Given information:

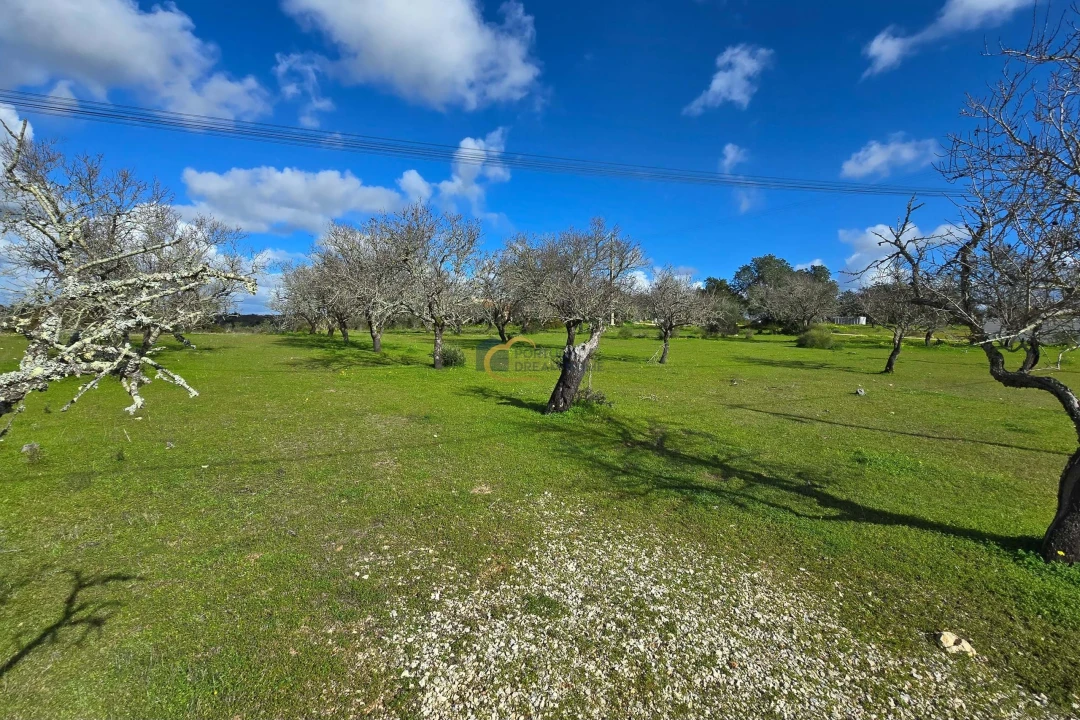 Terreno para Venda em Albufeira e Olhos de Água Foto 2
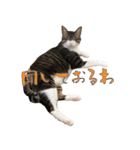 殿様保護猫【殿（との）】（個別スタンプ：12）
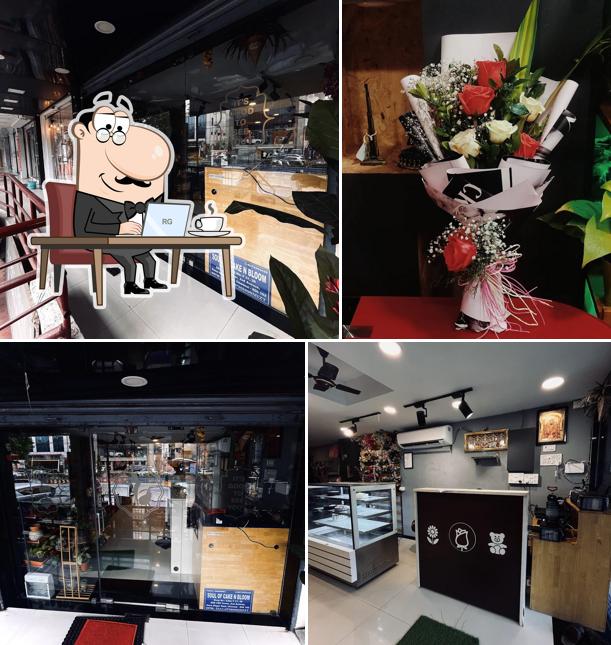 SOUL OF CAKE N BLOOM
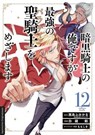 Dark Paladin 12 - Fumikaru Nishijima - 9783732027545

Exercise brief: Line by line, write out the material above exactly, with no images.

Output:
 Terreno para Venda em Albufeira e Olhos de Água Foto 2
 殿様保護猫【殿（との）】（個別スタンプ：12）
 SOUL OF CAKE N BLOOM
 Dark Paladin 12 - Fumikaru Nishijima - 9783732027545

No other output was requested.